[Assignment] Pull each line containing "Autumn" from the data.

[Data for review]
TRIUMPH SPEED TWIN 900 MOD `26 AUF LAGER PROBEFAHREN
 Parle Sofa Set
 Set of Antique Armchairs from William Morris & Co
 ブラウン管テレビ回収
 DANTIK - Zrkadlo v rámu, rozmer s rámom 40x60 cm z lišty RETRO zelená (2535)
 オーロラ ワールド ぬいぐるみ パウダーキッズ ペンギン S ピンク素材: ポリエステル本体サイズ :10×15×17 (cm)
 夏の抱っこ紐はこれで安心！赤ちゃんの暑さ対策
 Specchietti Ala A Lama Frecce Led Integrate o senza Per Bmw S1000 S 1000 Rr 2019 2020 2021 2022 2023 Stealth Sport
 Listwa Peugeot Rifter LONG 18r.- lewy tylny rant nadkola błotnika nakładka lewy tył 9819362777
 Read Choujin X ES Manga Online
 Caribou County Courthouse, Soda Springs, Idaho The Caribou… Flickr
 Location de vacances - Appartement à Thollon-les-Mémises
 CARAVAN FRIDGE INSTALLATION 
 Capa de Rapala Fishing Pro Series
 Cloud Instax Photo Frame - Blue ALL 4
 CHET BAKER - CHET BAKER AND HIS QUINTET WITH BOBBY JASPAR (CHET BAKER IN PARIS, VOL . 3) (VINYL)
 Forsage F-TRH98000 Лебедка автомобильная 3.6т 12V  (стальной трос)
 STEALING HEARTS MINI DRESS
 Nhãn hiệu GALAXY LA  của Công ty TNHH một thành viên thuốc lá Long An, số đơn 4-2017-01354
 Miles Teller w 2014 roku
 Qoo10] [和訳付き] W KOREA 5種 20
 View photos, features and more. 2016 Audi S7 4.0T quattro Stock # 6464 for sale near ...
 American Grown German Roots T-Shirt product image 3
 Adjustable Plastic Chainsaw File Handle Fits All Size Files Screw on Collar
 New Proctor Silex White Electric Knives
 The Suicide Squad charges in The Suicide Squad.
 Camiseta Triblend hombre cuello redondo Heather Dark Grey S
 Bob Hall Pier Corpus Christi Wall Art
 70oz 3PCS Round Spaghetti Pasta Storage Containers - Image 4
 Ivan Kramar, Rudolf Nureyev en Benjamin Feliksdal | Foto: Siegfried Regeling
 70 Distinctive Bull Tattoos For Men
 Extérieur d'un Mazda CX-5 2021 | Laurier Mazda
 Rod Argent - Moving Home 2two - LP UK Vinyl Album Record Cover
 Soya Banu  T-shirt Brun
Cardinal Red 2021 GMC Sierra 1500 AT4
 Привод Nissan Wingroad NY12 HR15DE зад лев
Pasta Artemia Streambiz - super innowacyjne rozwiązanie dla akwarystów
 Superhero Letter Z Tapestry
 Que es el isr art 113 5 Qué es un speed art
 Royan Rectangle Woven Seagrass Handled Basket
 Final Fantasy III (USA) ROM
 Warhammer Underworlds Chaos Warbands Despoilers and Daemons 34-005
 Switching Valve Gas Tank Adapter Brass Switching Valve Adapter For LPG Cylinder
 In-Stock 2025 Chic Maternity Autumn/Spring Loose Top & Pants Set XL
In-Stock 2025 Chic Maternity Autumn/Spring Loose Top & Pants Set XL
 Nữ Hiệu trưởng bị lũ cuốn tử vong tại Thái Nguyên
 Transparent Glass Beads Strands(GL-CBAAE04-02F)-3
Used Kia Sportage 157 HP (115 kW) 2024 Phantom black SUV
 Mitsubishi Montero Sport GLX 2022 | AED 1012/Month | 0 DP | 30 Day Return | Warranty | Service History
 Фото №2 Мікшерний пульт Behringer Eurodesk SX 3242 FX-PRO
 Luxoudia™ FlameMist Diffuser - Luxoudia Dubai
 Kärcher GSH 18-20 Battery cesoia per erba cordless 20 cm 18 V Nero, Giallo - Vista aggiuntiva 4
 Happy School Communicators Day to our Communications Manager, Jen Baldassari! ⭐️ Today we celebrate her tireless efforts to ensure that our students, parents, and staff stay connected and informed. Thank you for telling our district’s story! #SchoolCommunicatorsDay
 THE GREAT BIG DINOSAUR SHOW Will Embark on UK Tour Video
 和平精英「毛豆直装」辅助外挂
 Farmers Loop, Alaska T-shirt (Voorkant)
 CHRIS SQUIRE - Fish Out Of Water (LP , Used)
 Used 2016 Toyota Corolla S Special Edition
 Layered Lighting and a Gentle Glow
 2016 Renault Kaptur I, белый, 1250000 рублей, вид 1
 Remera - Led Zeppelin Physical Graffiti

[Your solution]
 In-Stock 2025 Chic Maternity Autumn/Spring Loose Top & Pants Set XL
In-Stock 2025 Chic Maternity Autumn/Spring Loose Top & Pants Set XL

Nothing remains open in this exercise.